• Collected data:
#####

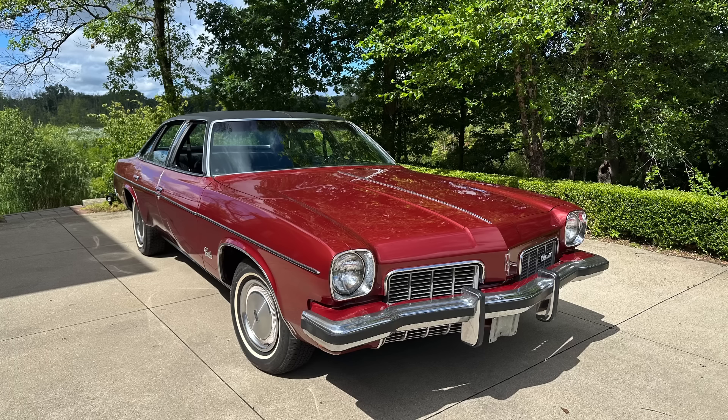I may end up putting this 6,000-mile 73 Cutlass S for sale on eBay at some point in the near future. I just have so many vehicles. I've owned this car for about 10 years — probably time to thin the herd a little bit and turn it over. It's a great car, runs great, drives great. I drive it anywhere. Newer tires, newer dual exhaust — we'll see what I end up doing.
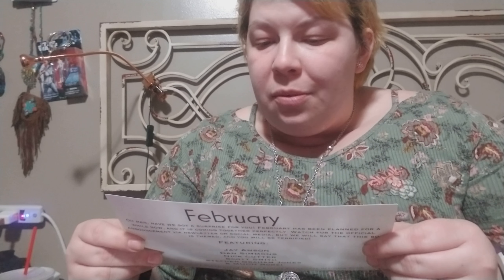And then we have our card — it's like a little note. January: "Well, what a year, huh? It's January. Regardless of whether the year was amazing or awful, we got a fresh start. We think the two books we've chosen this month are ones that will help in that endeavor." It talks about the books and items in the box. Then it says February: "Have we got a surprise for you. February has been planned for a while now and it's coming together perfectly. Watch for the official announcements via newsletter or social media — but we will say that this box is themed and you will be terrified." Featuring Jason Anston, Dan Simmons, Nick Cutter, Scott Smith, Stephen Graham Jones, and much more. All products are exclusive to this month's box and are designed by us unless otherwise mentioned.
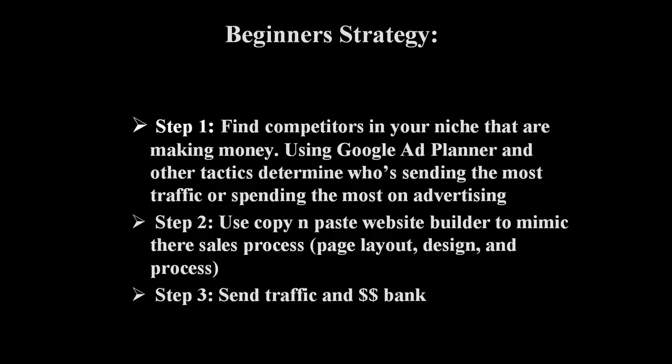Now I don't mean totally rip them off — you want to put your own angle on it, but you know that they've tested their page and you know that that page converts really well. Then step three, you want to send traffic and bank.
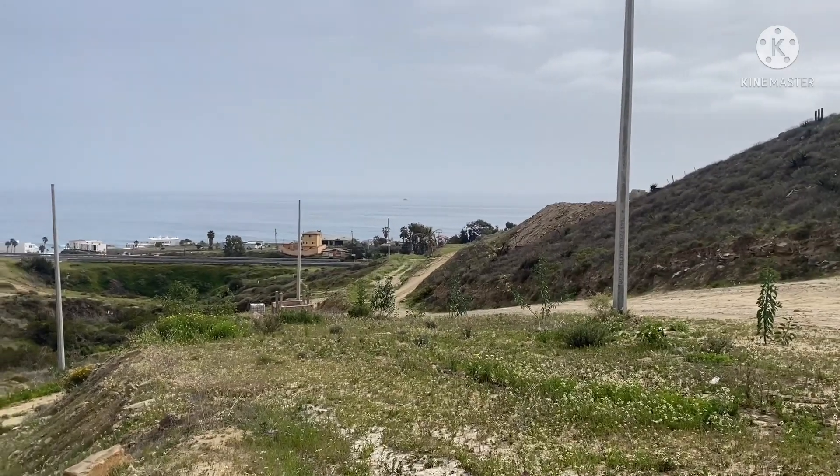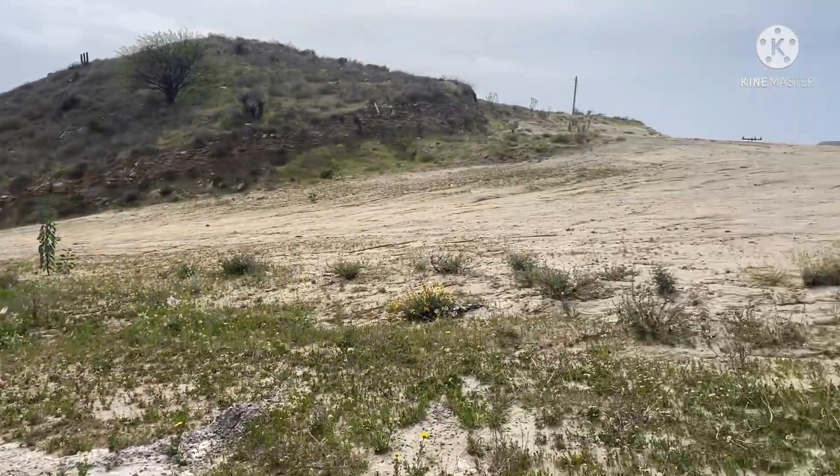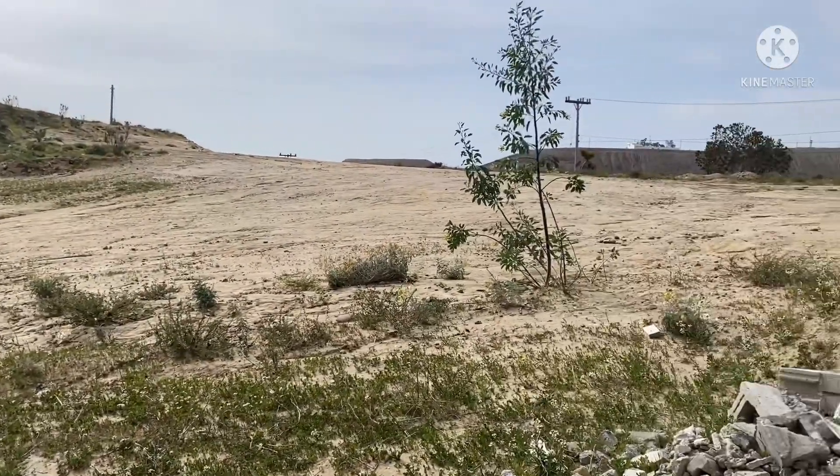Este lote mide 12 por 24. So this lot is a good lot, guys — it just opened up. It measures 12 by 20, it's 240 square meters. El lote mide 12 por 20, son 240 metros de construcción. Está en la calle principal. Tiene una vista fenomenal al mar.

#####

• Exercise requirements:
Pictures are to be omitted. Print exactly the lines from the line containing "Now I don't" through the final line of the material above, both included.

• Answer space:
Now I don't mean totally rip them off — you want to put your own angle on it, but you know that they've tested their page and you know that that page converts really well. Then step three, you want to send traffic and bank.
Este lote mide 12 por 24. So this lot is a good lot, guys — it just opened up. It measures 12 by 20, it's 240 square meters. El lote mide 12 por 20, son 240 metros de construcción. Está en la calle principal. Tiene una vista fenomenal al mar.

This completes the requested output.